中国、新興国の「今」をお伝えする海外ニュース&コラム。
2012年05月20日
Silk Road train / Travelwyse
■強制借り上げ
1996年当時、塩城市は穀物・綿の集積と加工で成長を有望視されていた都市だった。しかしネックは鉄道がないこと。物資の輸送は陸送か水運に頼るしかない。火力発電所用の石炭も山西省から河北省・山東省に陸送。その後、船で運ぶという手間をかけていた。これではエネルギーコスト的に他都市に対抗できない。かくして鉄道建設は市の悲願となった。
この問題を解決するために立案されたのが江蘇省徐州市新沂と浙江省湖州市長興県を結ぶ新長鉄道。
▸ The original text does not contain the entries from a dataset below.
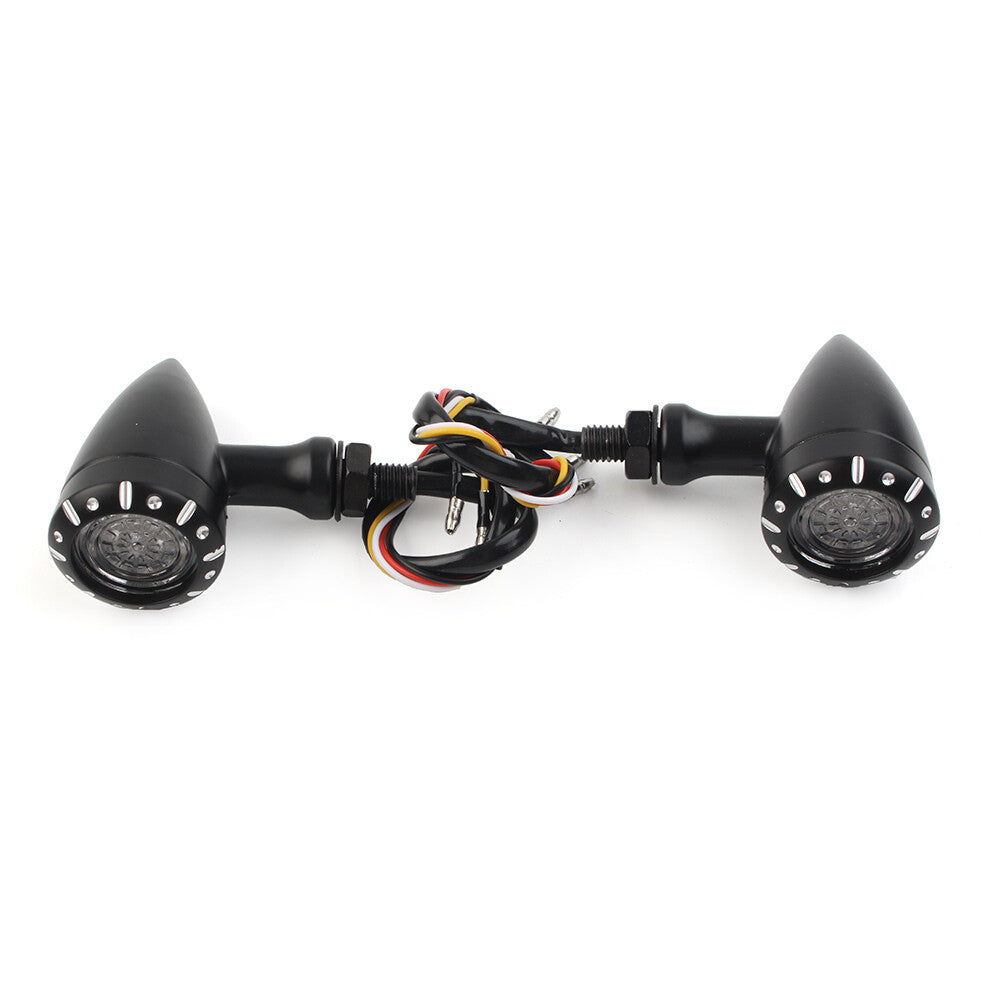 Motorcycle LED Red/Amber Brake Blinker Turn Signal Tail Light for Harley for Yamaha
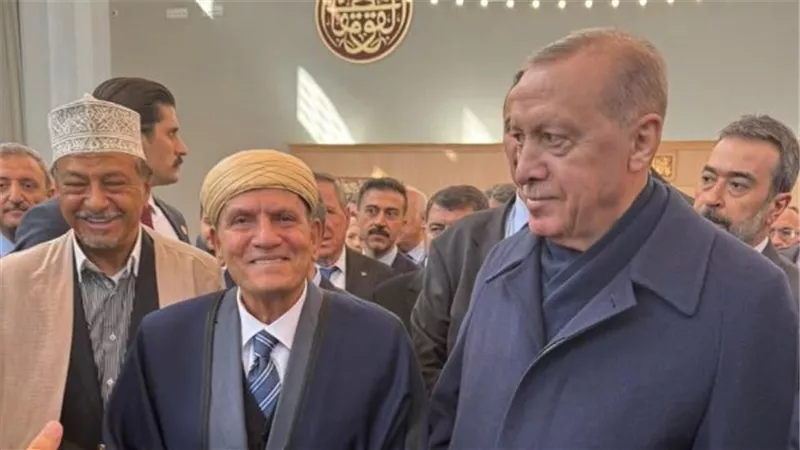أردوغان يستقبل الشيخ أحمد نعينع في احتفالية رمضانية كبرى في أنقرة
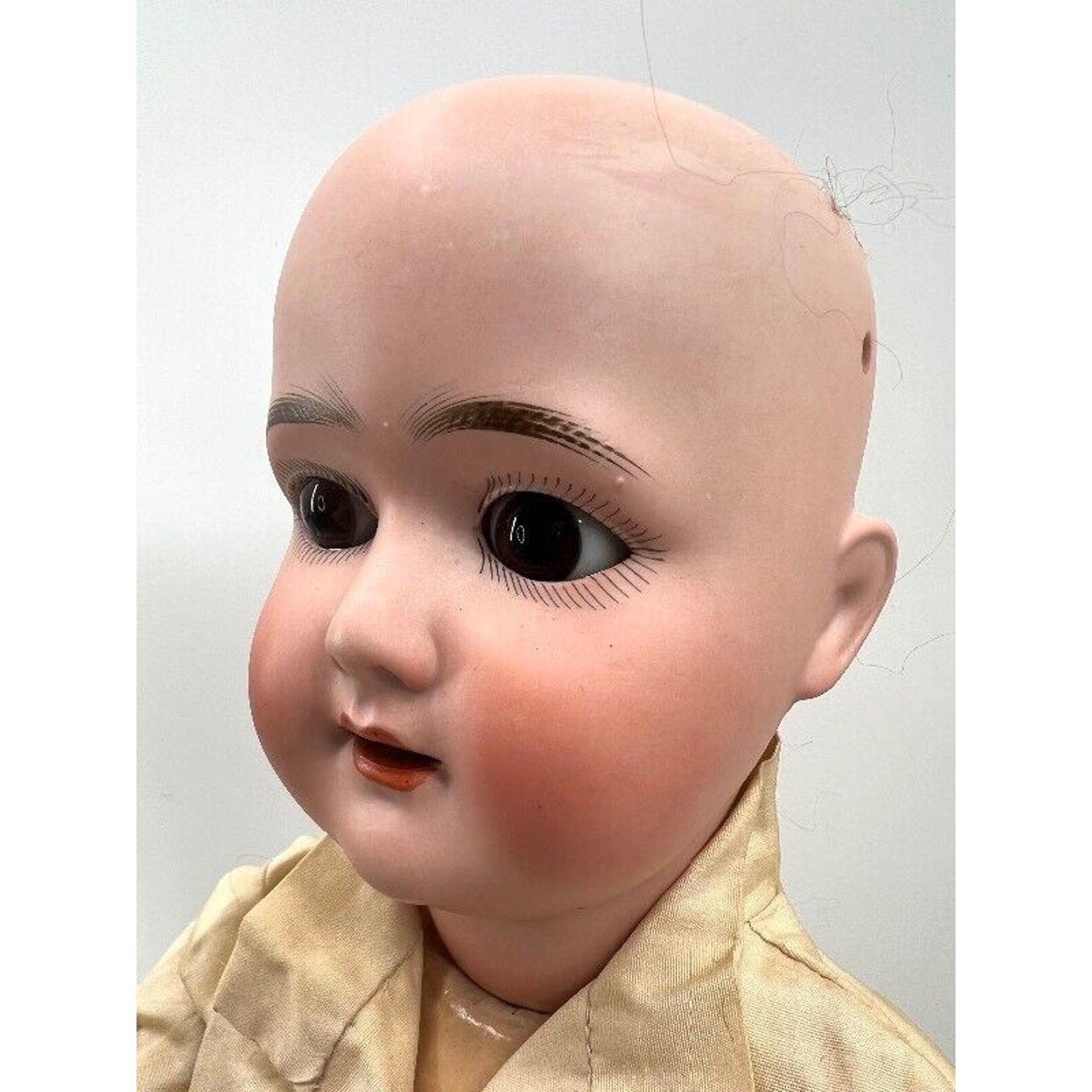 Antique 1909 S&H 1909 Bisque Head Doll 19.5" Open Mouth Compo Body Germany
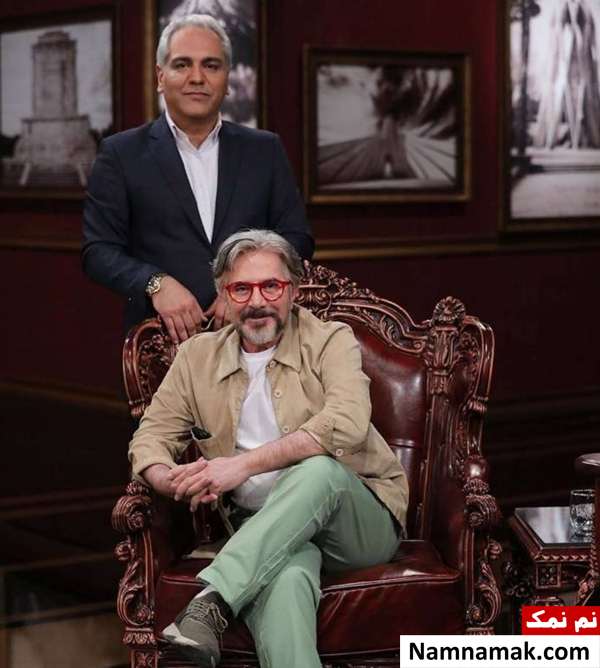 مهران مدیری و امیرحسین قهرایی مهران مدیری و امیرحسین قهرایی در دورهمی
全長561キロのうち、塩城市区間が157キロを占めている。
だが問題は建設費の捻出だった。塩城市は公務員、政府関連機関の給料から強制借り上げという強引すぎる手法で調達することにした。役職ごとに供出額は違うが一般職員で100~400元、幹部からは1000元以上を借りている。鉄道建設期間中は無利子での貸し付け、運営が始まってからは銀行と同レベルの利子をつけ、運営3年後に返済するという取り決めだった。
新長鉄道は2005年に運営が始まった。本来ならば2008年に借金の返済が始まるはずだったが、2012年になった今もまだ返済されていない。すでに市民から複数回の問い合わせがあったというが、「返済プランは提出済み。認可されればすぐに返済する」と判を押したような同じ返答が繰り返されるばかりだという。
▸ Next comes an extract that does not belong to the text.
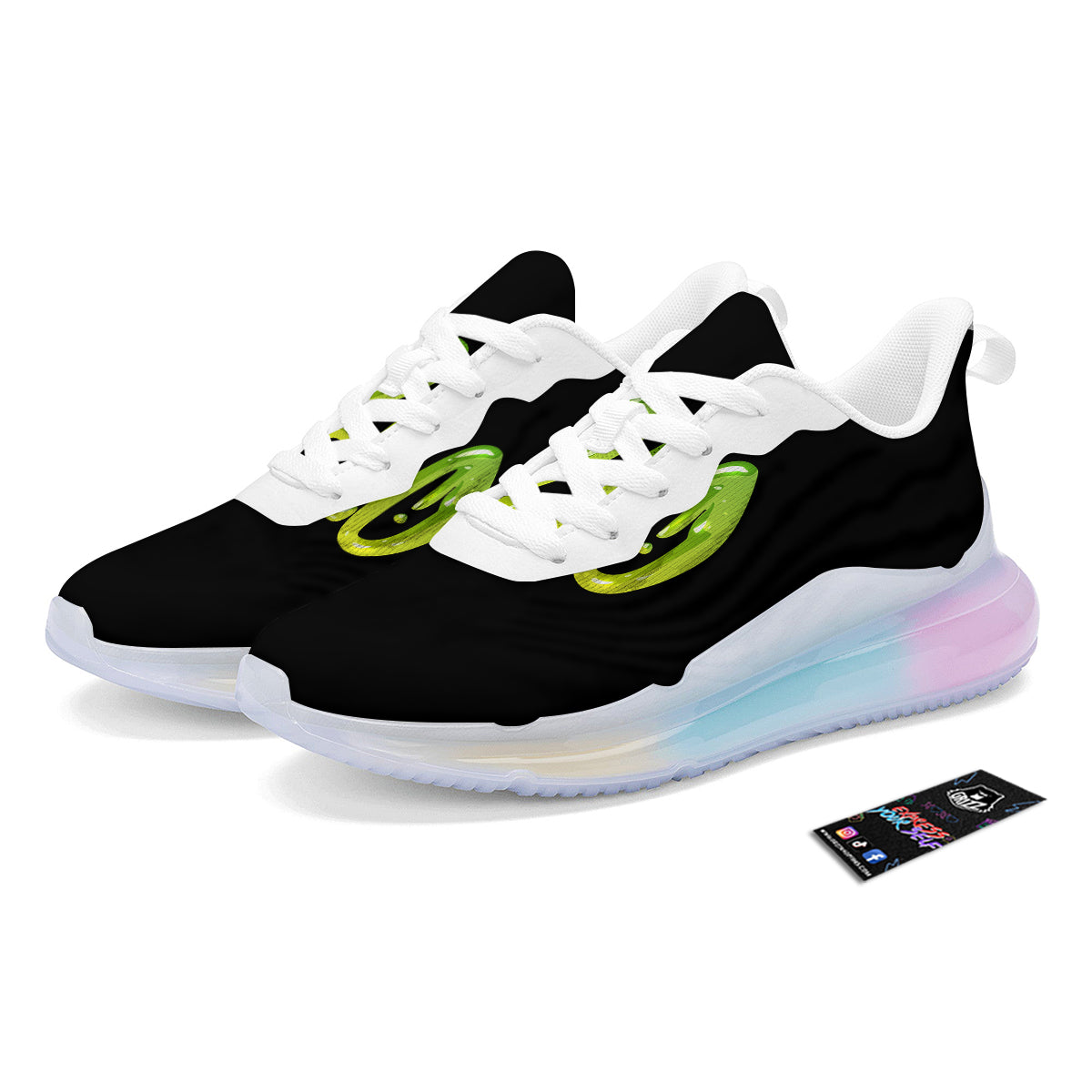Cannabis Day 420 Print Running Sneakers-grizzshop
実はこうした強制借り上げは鉄道建設だけではなかったという。塩城市タバコ関連部局のある職員は、発電所、高速道路、そして鉄道と3回の強制借り上げを経験したと明かし、発電所の借金は返済されたものの、残る2回の金はまだ返ってきていないと話している。
■ついつい忘れてしまいがちな貧乏中国
高成長が続く現在の中国を見ているとずいぶんと景気がいいように思えるが、ほんの10年前までは公務員や学校教師への給与未払いなどはざらだった。さすがに今ではそうした話は聞かなくなったが、当時の問題が未解決のまま残されていることも少なくない、ということのようだ。
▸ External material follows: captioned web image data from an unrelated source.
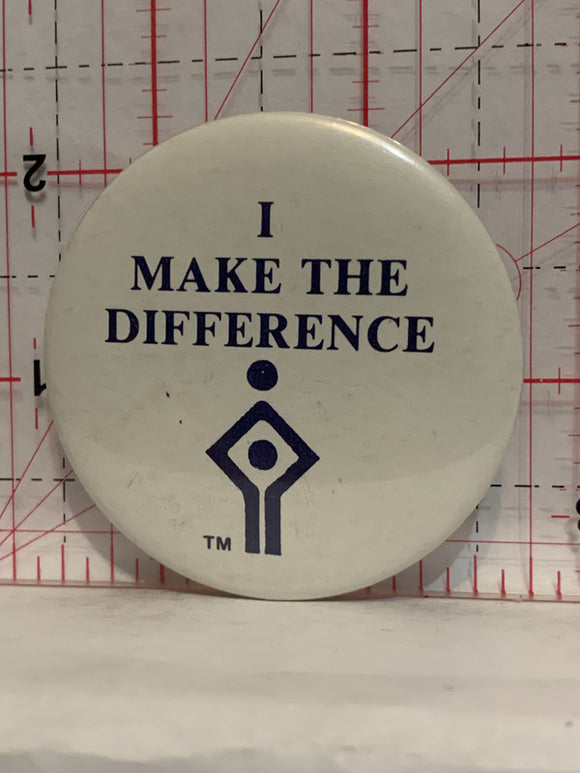 I Make the Difference Logo Button Pinback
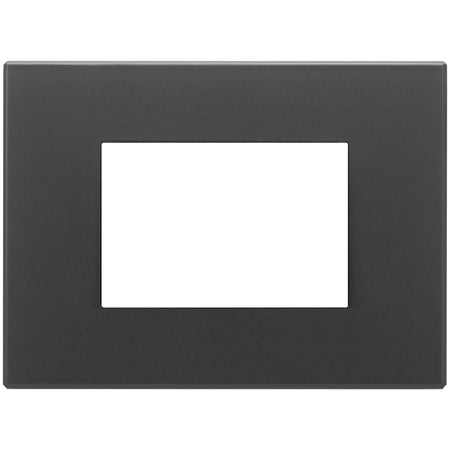 Vimar Eikon Exé 3-Module Cover Plate, 122 x 90 mm, Horizontal/Vertical Mount — Quality Boat Parts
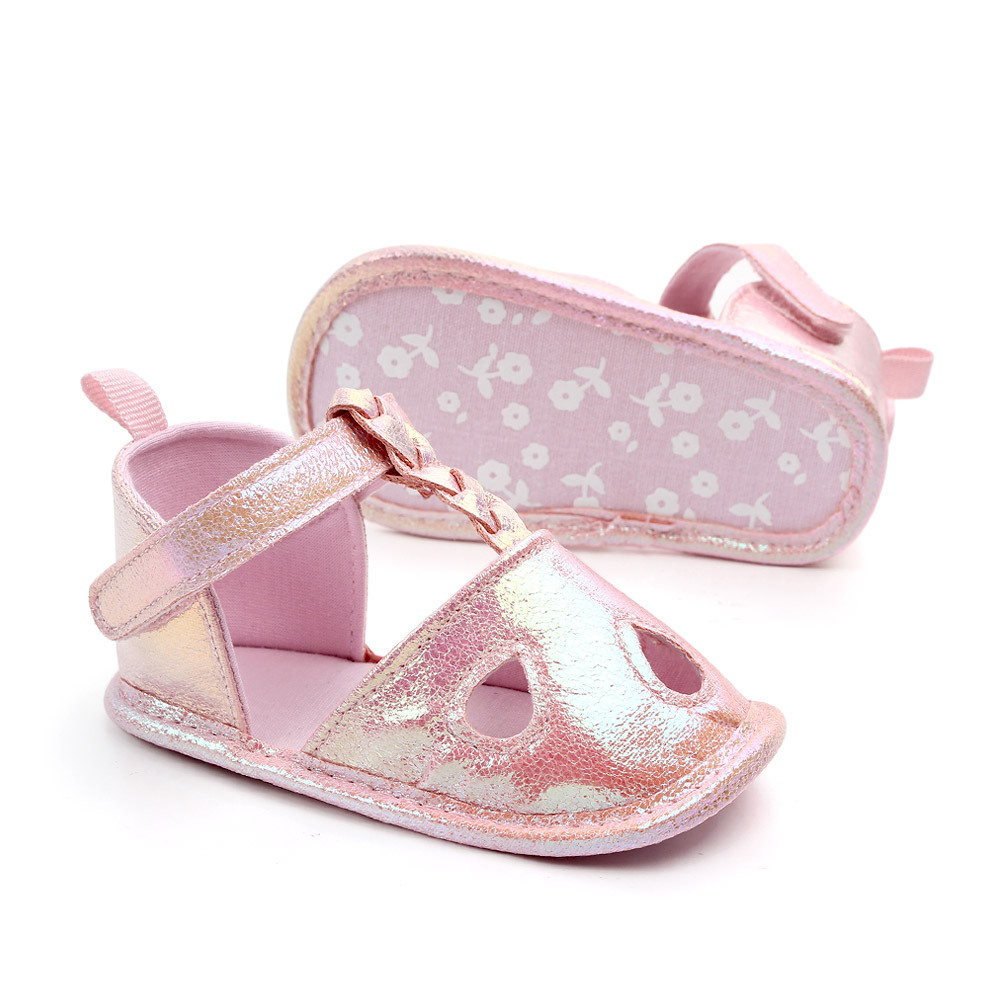 Gradiënt Sandaal Mooie Baby Baby Meisje Zachte Zool Peuter Schoen antislip Sandalen Mocassin Mermaid Kleur Schoenen Voor Verjaardag party: 1 / 3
1996年の100元と今の100元では価値が違うので、いまさら返されても民草が損をしたことに変わりはないのだが返してもらうにこしたことはない。とはいえ、すでにお取りつぶしにあった国有企業やら政府部局もあることを考えると、たとえ市政府が返済を実施したとしても泣き寝入りになる人も少なくなさそうだ。